Then, in 1966, Mao unleashed the Cultural Revolution, a decade-long period of chaos that upended Chinese society. Militant Red Guards accused Mr. Fu, a prolific translator of writers like Balzac and Voltaire, of having “capitalistic” artistic taste, among other crimes. They humiliated and tortured the scholar and his wife for days until the couple, like many other Chinese, were driven to suicide. Mr. Fou, still in London, did not learn of his parents’ deaths until several months later.

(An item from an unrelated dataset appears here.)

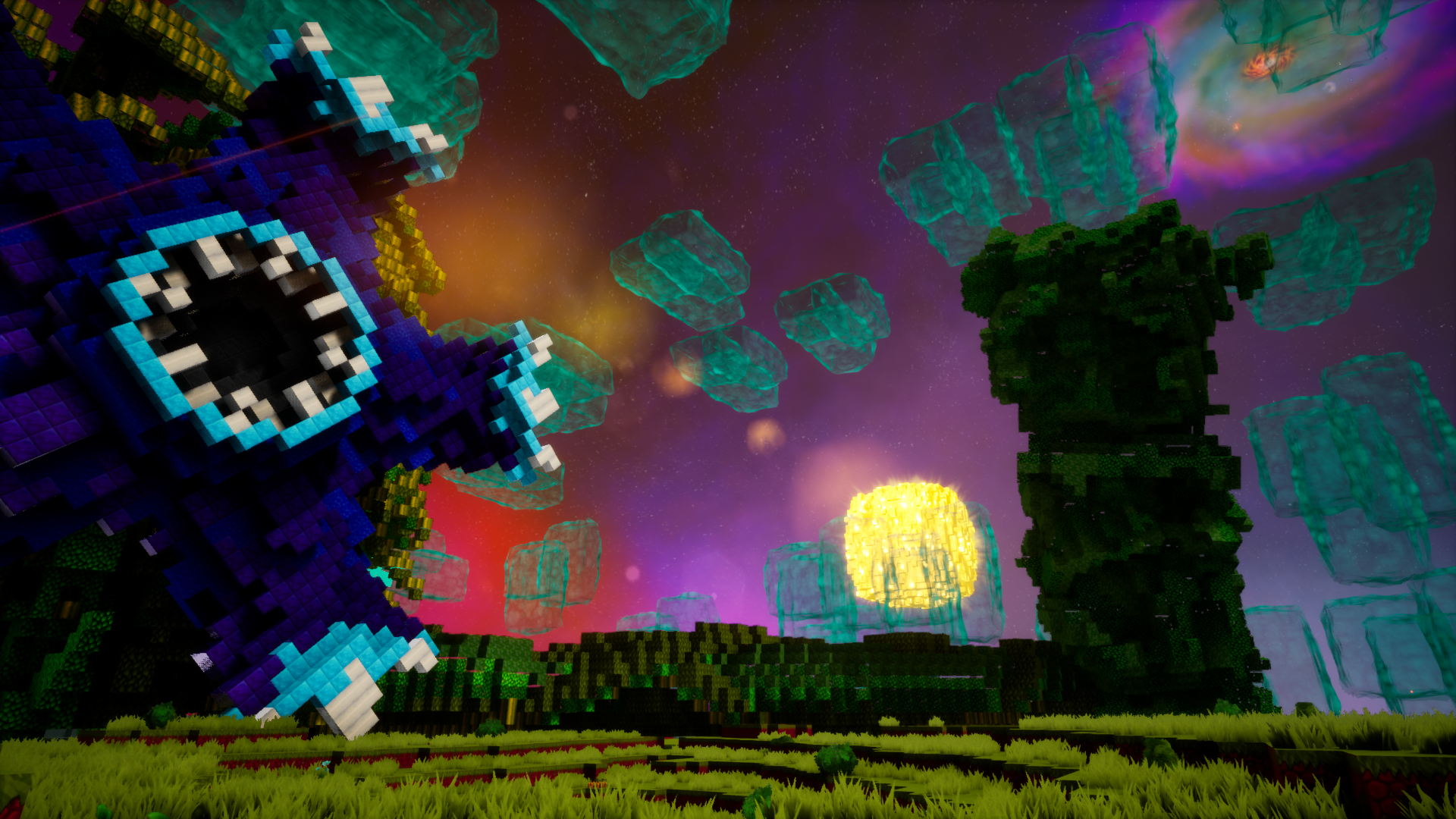 Outerverse-10rsg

In 1981, after China’s post-Mao government posthumously restored the reputations of Mr. Fou’s parents, a volume of letters written by his father, primarily to Mr. Fou, was published in China. Full of advice, encouragement, life teachings and stern paternal love, the book, “Fu Lei’s Family Letters,” became an instant best seller in China.
For many, the long disquisitions on music, art and life offered a welcome contrast to the Cultural Revolution years, which saw sons turn against fathers, students against teachers and neighbors against neighbors — all in the name of politics.
“If you imagine the environment we grew up with, it was very rigid,” said Xibai Xu, a political analyst who first read the letters in middle school in Beijing. He added, “So when you read ‘Fu Lei’s Family Letters,’ you realized how a decent human life could be — a life that is very delicate and artistic, with real human emotions and not just ideology.”
Besides influencing a generation of Chinese, Mr. Fu’s words resonated long after his death with the person for whom they were originally intended.
“My father had a saying that ‘First you must be a person, then an artist, and then a musician, and only then can you be a pianist,’” Mr. Fou once recalled in an interview. “Even now, I believe in this order — that it should be this way and that I am this way.”